照我的理解,作者這首詞是從農村的一個非勞動環境中看到一些非勞動成員的生活剪影,反映出春日農村有生機、有情趣的一面。上片第一、二兩句是作者望中所見,鏡頭稍遠。“茅檐低小”,鄧《箋》引杜甫《絕句漫興》:“熟知茅齋絕低小,江上燕子故來頻。”此正寫南宋當時農村生活條件并不很好。如果不走近這低小的茅檐下,是看不到這戶人家活動,也聽不到人們講話的聲音的。第二句點明茅屋距小溪不遠,而溪上草已返青,實暗用謝靈運《登池上樓》“池塘生春草”語意,說明春到農村,生機無限,又是農忙季節了。作者略含醉意,迤逦行來,及至走近村舍茅檐,卻聽到一陣用吳音對話的聲音,使自己感到親切悅耳(即所謂“相媚好”),這才發現這一家的成年人都己下田勞動,隻有一對老夫婦留在家裡,娓娓地叙家常。所以用了一個反問句:“這是誰家的老人呢?”然後轉入對這一家的其他少年人的描繪。這樣講,主客觀層次較為分明,比把“醉”的主語指翁媪似更台情理。

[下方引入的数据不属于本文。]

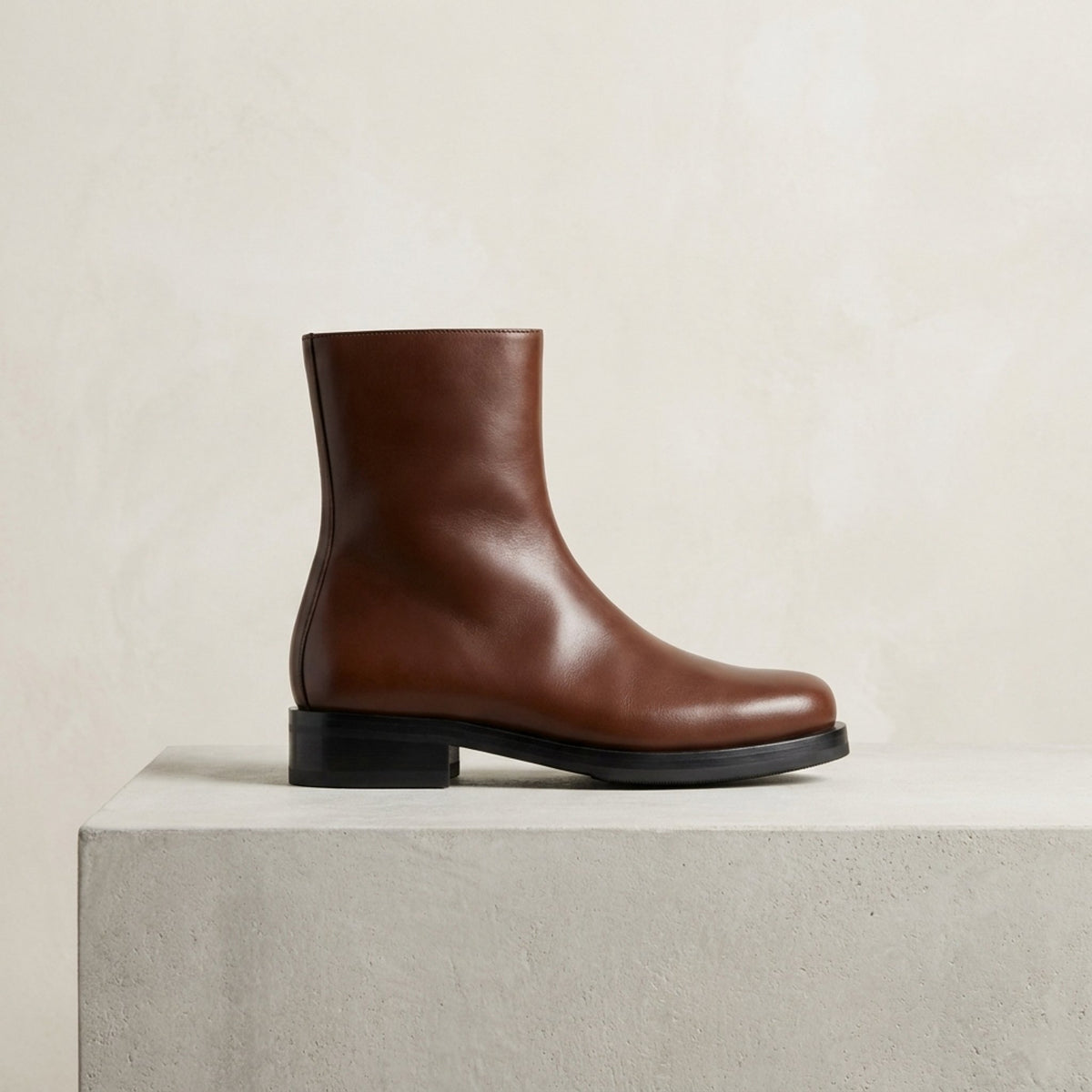Brown Leather Bolgheri Suede Ankle Boot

下片寫大兒鋤豆,中兒編縱雞籠,都是寫非正式勞動成員在搞一些副業性質的勞動。這說明農村中絕大多數并非坐以待食,不勞而獲的閑人,即使是未成丁的孩予也要幹點力所能及的活兒,則成年人的辛苦勤奮可想而知。隻有老人和尚無勞動力的年齡最小的孩子,才悠然自得其樂。這實際上是從《莊子·馬蹄篇》“含哺而熙(嬉),鼓腹而遊”的描寫化出,卻比《莊子》寫得更為生動,更為含蓄,也更形象化。特别是作者用了側筆反襯手法,反映農村生活中一個恬靜閑适的側面,卻給讀者留下了大幅度的想象補充餘地。這與作者的一首[鸱鸪天]的結尾,所謂“城中桃李愁風雨,春在溪頭荠菜花”正是同一機杼,從藝術效果看,也正有異曲同工之妙。